**DATASET:**
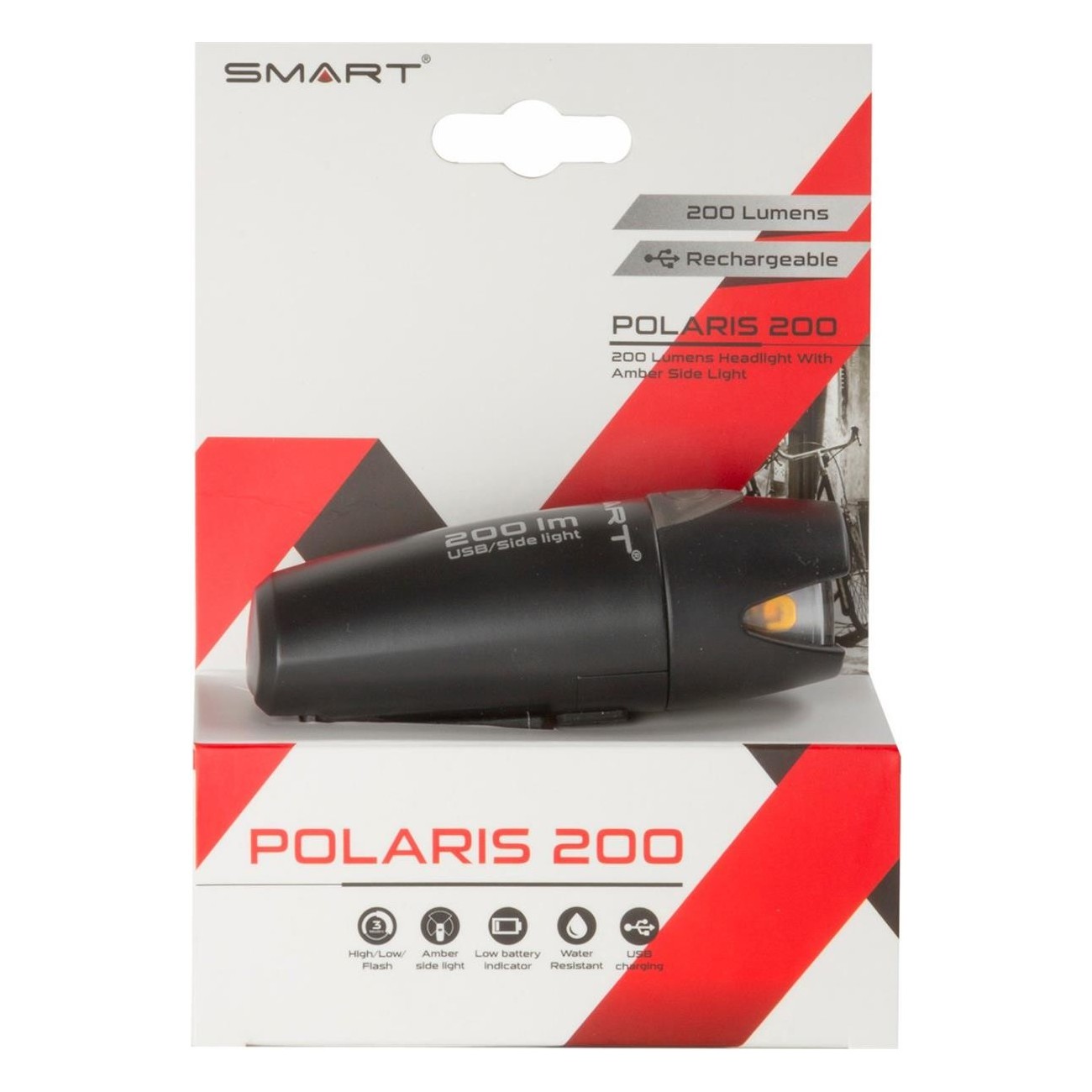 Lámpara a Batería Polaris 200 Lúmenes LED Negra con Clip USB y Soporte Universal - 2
==
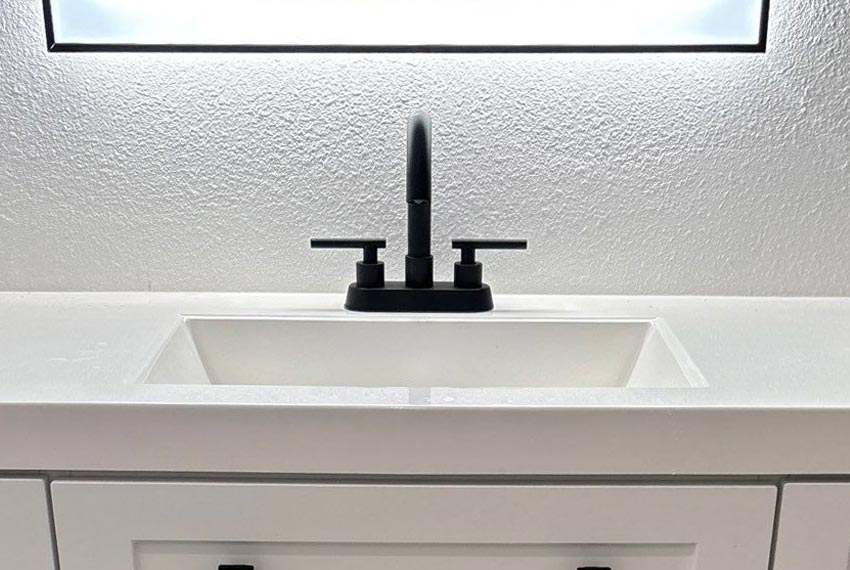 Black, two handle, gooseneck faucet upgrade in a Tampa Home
...
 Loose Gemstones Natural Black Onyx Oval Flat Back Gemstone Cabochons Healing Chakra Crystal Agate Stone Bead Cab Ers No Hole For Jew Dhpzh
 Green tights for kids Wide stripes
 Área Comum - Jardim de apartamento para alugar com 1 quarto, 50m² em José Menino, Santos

**GOAL OF THE EXERCISE:** Give back exactly the lines above starting at the line where "Loose Gemstones Natural" appears and ending at the line where "Área Comum - Jardim" appears, both included, with no other lines.

**ANSWER SECTION:**
 Loose Gemstones Natural Black Onyx Oval Flat Back Gemstone Cabochons Healing Chakra Crystal Agate Stone Bead Cab Ers No Hole For Jew Dhpzh
 Green tights for kids Wide stripes
 Área Comum - Jardim de apartamento para alugar com 1 quarto, 50m² em José Menino, Santos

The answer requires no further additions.